- Tell Mannas Location in Syria
- Coordinates: 35°38′28″N 36°44′6″E﻿ / ﻿35.64111°N 36.73500°E
- Country: Syria
- Governorate: Idlib Governorate
- District: Maarrat al-Nu'man

Population (2004)
- • Total: 11,359

= Tell Mannas =

Tell Mannas (بلدة تلمنس), sometimes spelled Telminnes, Tal Minnis, Talmanis, Talmanes or Telmans, is a village 5 km east of Maarrat al-Nu'man. The village is administratively a part of the Maarrat al-Nu'man District in the Idlib Governorate. According to the Syria Central Bureau of Statistics (CBS), Tell Mannas had a population of 11,359 in the 2004 census.

==History==
During the late Umayyad period, the olive groves of Tall Mannas were used by the troops of Caliph Marwan II to ambush the rebel Umayyad prince Sulayman ibn Hisham as he passed through the area. In the early 9th century, Tall Mannas was controlled by the Tanukhids under their chieftain al-Hawari ibn Hittin, during their rebellion against the Abbasid princely family, the Banu Salih. Tall Mannas was used a residence by the Abbasid caliph al-Mutawakkil when he visited the area in 858. It was described by local geographer Yaqut al-Hamawi as a fortress near Ma'arrat al-Nu'man.

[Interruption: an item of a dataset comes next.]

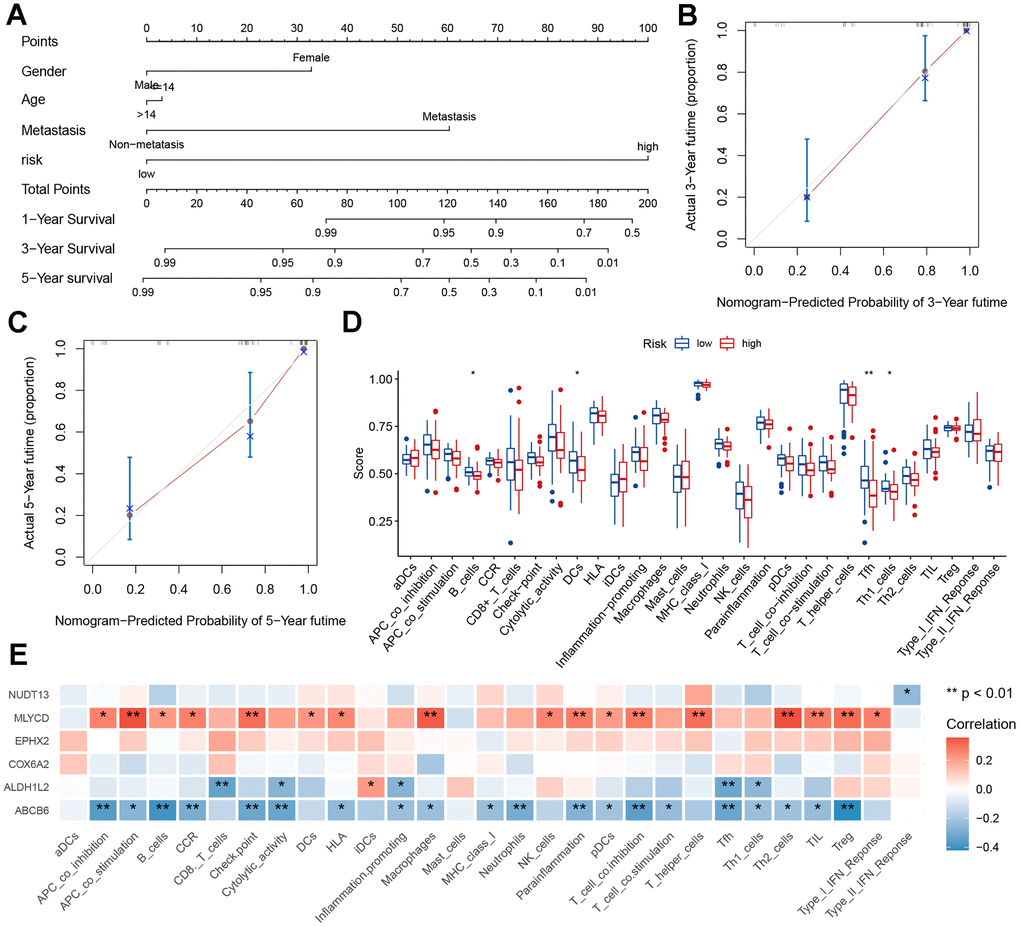 Nomogram and immune signature of the risk model. (A) Nomogram based on risk score, age, sex, and metastasis for predicting the 1-, 3-, and 5-year death rate. (B, C) Calibration plots of the nomogram for predicting the 3- and 5-year’ survival of osteosarcoma. (D) Relationship between risk score and immune cell infiltration and related functions via ssGSEA analysis. (E) Relationship between MRGs signature and immune cell infiltration and related functions via ssGSEA analysis.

In 1079, the Tutush I of Damascus besieged but failed to capture Tall Mannas during his campaign in northern Syria. Later, in 1098/97 Tall Mannas was inhabited by Christian community of Oriental Orthodox Syriacs and its inhabitants gave safe haven and assistance to the Crusaders under Raymond Pilet of Antioch during their failed siege of Ma'arrat al-Nu'man. Some months later, Ma'arrat al-Nu'man was captured and its entire population massacred by the Crusaders.